Retailer Naivas cites extortion in City Hall ‘health check’ row

A Naivas supermarket chain outlet in Nairobi. 

Photo credit: File | Nation Media Group

City Hall is split over a surveillance health check at Naivas Supermarket, as the giant retailer raised an alert over extortion and bribery.

The executive wing of Nairobi County dismissed claims made by the assembly’s health committee, alleging the retailer had stocked expired products and employed untested persons to handle food sold at its outlets.

Suzanne Silantoi, County Executive Committee (CEC) Member for health, wellness and nutrition, said the public health officers accompanying the Members of County Assembly returned a verdict of full compliance by the retailer.

This emerged as Naivas reckoned that it would not be a victim of extortion and bribery in a response aimed at the committee members.
“Naivas has a very strict anti-bribery and corruption policy and will not submit to extortionary tactics,” said the retailer.

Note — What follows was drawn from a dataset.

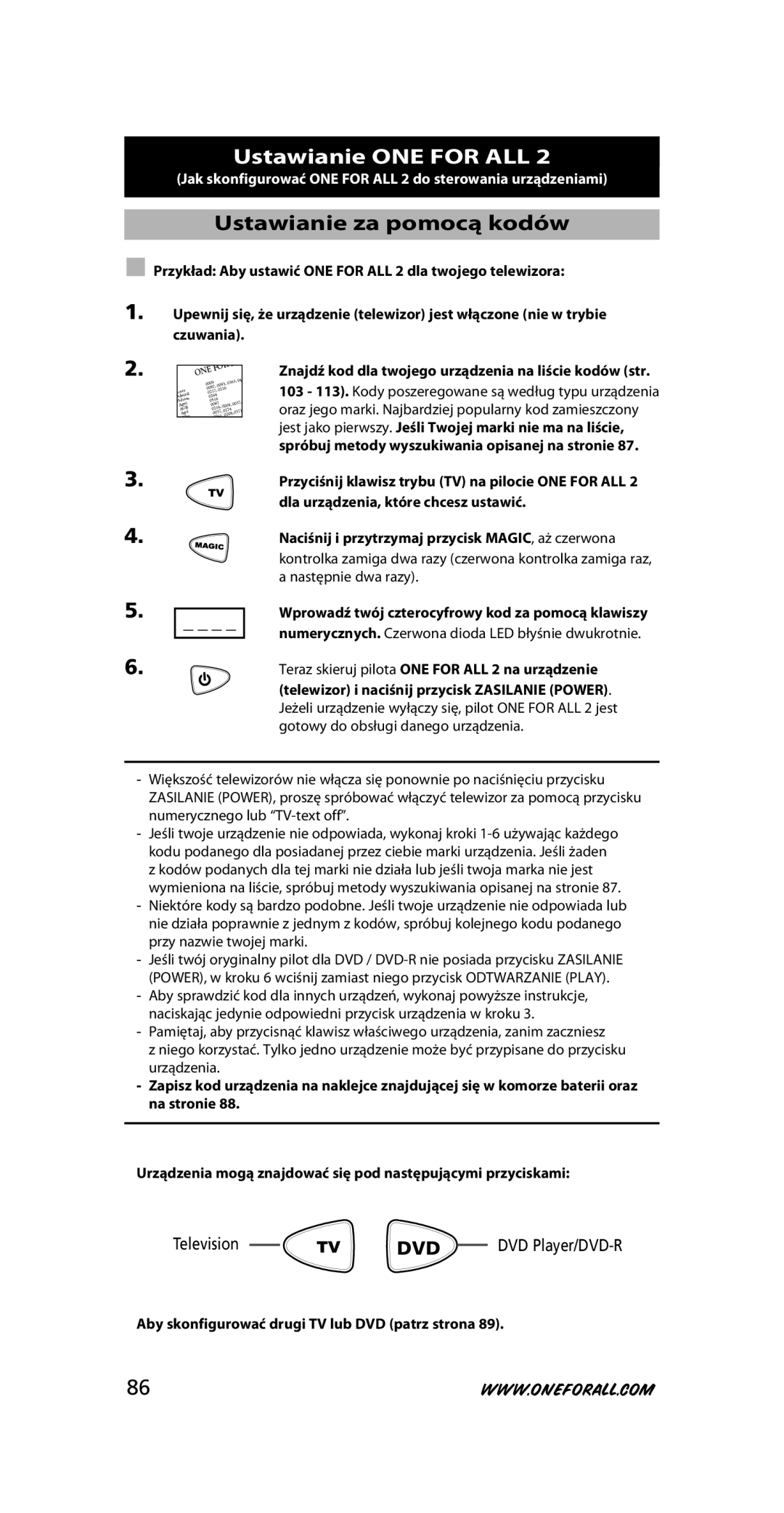 One for All URC-7721 instruction manual Ustawianie ONE for ALL, Ustawianie za pomocą kodów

Naivas maintained it was compliant with all regulatory requirements at the national and county levels, including standards set by the Kenya Bureau of Standards (Kebs) and the Ministry of Health.

“No expired products have been found on our shelves, and we maintain stringent internal quality control and stock management systems across all our branches to ensure product safety and compliance with health regulations,” said Naivas.

The County Assembly Health Committee had called for the immediate closure of Naivas outlets in the capital city, citing the stocking of expired goods and untested food handlers.

“We, therefore, as a committee, resolve that we close all the Naivas branches so that they can be tested and given certificates. We are urging the CEC, Madam Silantoi, to move with speed to make sure Nairobians are safe because most of these facilities have expired products,” said committee chairperson Maurice Ochieng.

Some of the products Mr Ochieng cited were Daima and Delite yoghurt.

While the legislative committee has oversight powers, only the executive can close a non-compliant premise.

“The committee was accompanied by our public health officers who confirmed that the branches they visited had met all our requirements and there was no need for closure,” said Ms Silantoi in a phone interview with the Business Daily.

Naivas is the largest supermarket chain in Kenya with 107 branches and over 10,000 employees spread across the country. It has 45 branches in Nairobi, as per its website, meaning a closure would adversely impact its operations.

“The circulating claims are entirely false, misleading, and potentially harmful, not just to our brand but to our valued customers who rely on us for daily essentials,” said Naivas.

The supermarket chain said it was taking legal advice on taking formal action against individuals or organisations spreading misinformation regarding it.

This is the first time a county has called for the complete closure of a retailer within its jurisdiction. Given its nationwide presence, a closure by Nairobi would raise queries on how the retailer would be handled by other counties.

Naivas recorded a profit after tax of Sh1.87 billion in the year ended June 2024, which was an 18.7 per cent drop from a year earlier. The drop was attributed to expansion expenses. Its annual sales were Sh92.7 billion placing the retailer’s daily sales at an average Sh254 million.

The supermarket is majority owned by a consortium of international fund managers including Mauritian conglomerate IBL Group, French fund Proparco and German fund DEG. This follows the progressive sale by the family of the retailer’s founder Peter Mukuha Kago.

Naivas has previously suspended sale of red meat in its outlets following health concerns arising from excessive use of preservatives.

The suspension in 2020 followed closure of its butchery section by Machakos county in a move that pushed the retailer to pull out the products from its offering.